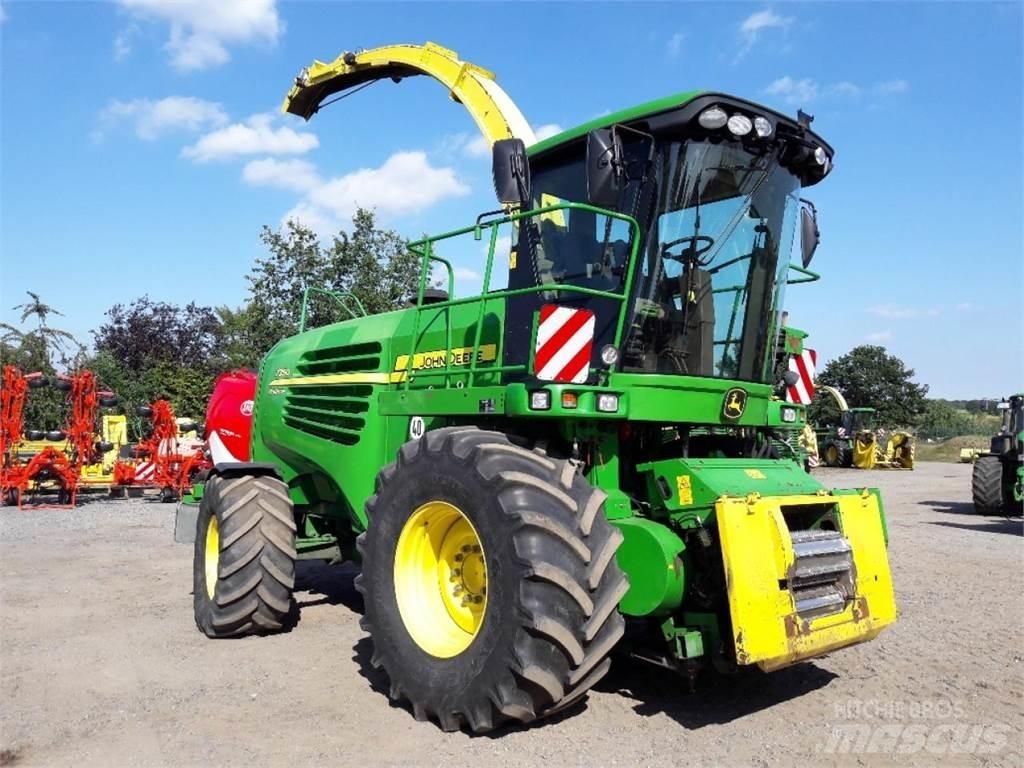 John Deere 7350 Silokombainid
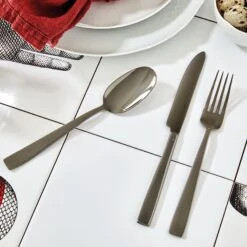 Sambonet Bestekset Flat - Zwart - 36 Delig / 6 Personen 6 Sambonet Bestekset Flat - Zwart - 36 Delig / 6 Personen -Le Creuset Winkel Sambonet Bestekset Flat Zwart 36 Delig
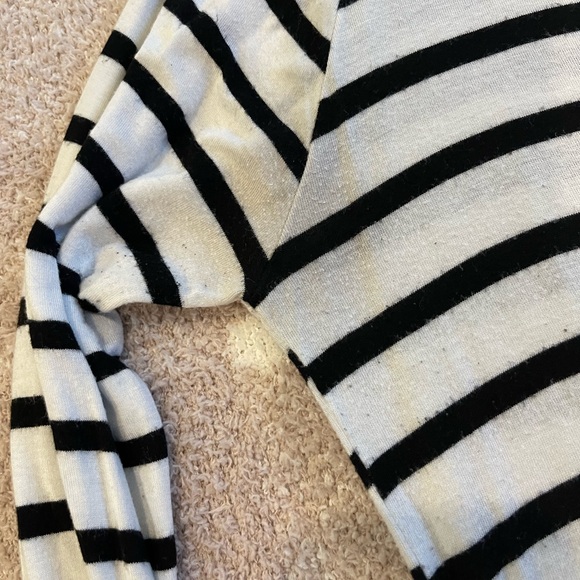 White and black tunic - Picture 5 of 5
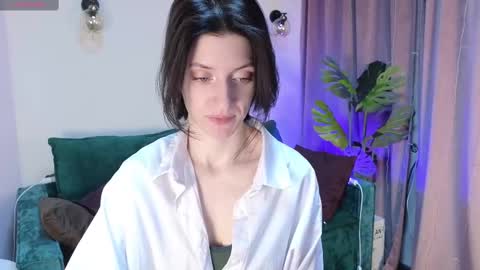 Snapshot of roxy_riot_ chatting on February 14, 2025, 1:23 am roxy_riot_ online show from February 14, 2025, 1:23 am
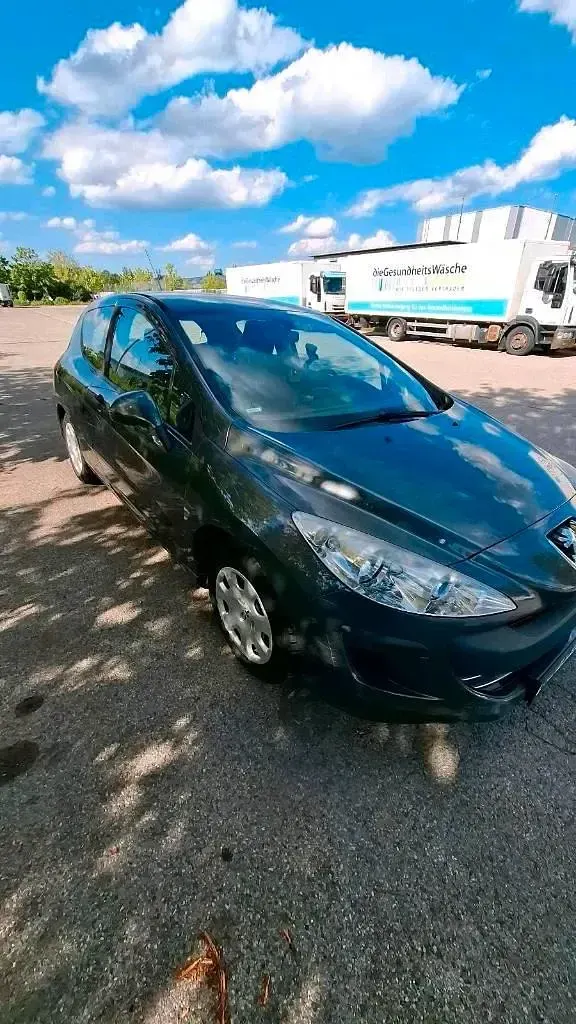 Gebraucht Peugeot 308 Filou 95 PS (69 kW) 2010 Grau Limousine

• [Exercise directions] In repeating the lines above, keep the wording exact and leave every picture out.

• [Answer area]
 John Deere 7350 Silokombainid
 Sambonet Bestekset Flat - Zwart - 36 Delig / 6 Personen 6 Sambonet Bestekset Flat - Zwart - 36 Delig / 6 Personen -Le Creuset Winkel Sambonet Bestekset Flat Zwart 36 Delig
 White and black tunic - Picture 5 of 5
 Snapshot of roxy_riot_ chatting on February 14, 2025, 1:23 am roxy_riot_ online show from February 14, 2025, 1:23 am
 Gebraucht Peugeot 308 Filou 95 PS (69 kW) 2010 Grau Limousine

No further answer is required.